Recursion in Regular Expressions
Robin Houston (author of the original proposal for extending regular expressions to support recursion) gave an example of how to use this feature to match properly nested parentheses on the TextMate mailing list.
He also demonstrates the use of (?x:…)
to allow commenting of the regular expression and splitting it over multiple lines, making it less terse (highly recommended when crafting complex regular expressions e.g. for language grammars).

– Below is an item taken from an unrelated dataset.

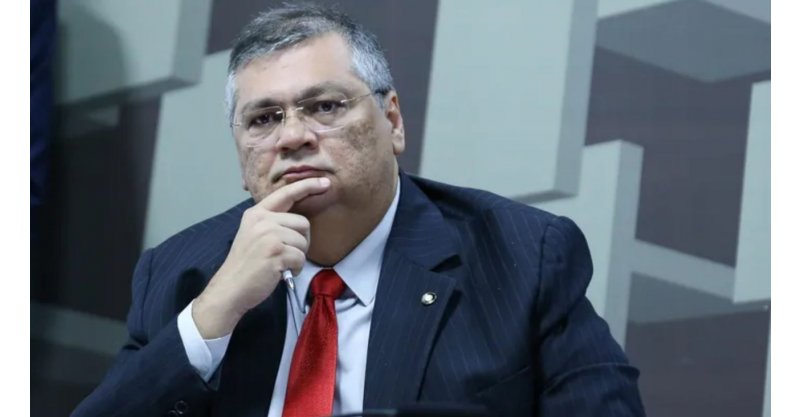 Dino reintegra diretor-geral da PF, e decisão provoca reação entre governistas e oposição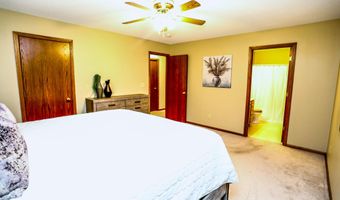 2107 SE Crystal Ave, Aberdeen, SD 57401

Inserting Thousand Separators
Speaking of regular expressions, I previously did a post about how to word wrap text using a regular expression. To follow that, here is a regular expression for matching all groups of digits which should be followed by a thousand separator:
\d{1,3}(?=(\d{3})+(?!\d))
So the replacement string would be \0,
or $&,
(depending on format string syntax). Let’s try this with the ls
command and perl:
% ls -l /mach_kernel \
|perl -pe 's/\d{1,3}(?=(\d{3})+(?!\d))/$&,/g'
-rw-r--r-- 1 root wheel 10,235,416 19 Sep 05:50 /mach_kernel
Of course in this case you’d be better off with the -h
option, which gives the “human readable size”, i.e.:
% ls -lh /mach_kernel
-rw-r--r-- 1 root wheel 9.8M Sep 19 05:50 /mach_kernel
Figure Space
Staying in the domain of pretty-printing numbers. I use GeekTool to dump a lot of information on my desktop, some of it consists of columns with numbers. Let’s imagine I am tracking the value of the dollar and euro per week (leftmost column being the week number, and the figures are unlikely going to depict the actual value):
8 $5.45 €7.44
9 $5.42 €7.45
10 $5.37 €7.44
Displaying such data is best done with a monospace font, so that things align. But the € or $ character in these fonts might not be entirely to our liking (when we blow up the text size to 24 points), so can we use a proportional width font? Generally proportional width fonts will make all the digits the exact same width, so that they do align nicely. Though the space will normally not follow the width of the digits, so we have a problem with 10
being wider than ␣9
(here ␣
represents a regular space).
Fortunately somebody already thought of that. If you check out WikiPedia’s table of space characters you will find the Figure Space (U+2007
) which is a space made especially for use when aligning numbers, i.e. it is the width of a digit. So by using leading figure spaces for our week numbers, we can make the above data align nicely even when printed with a proportional width font.
If you do want to use this (or any other unicode character) with GeekTool output, you need to patch the source to interpret command output as utf-8.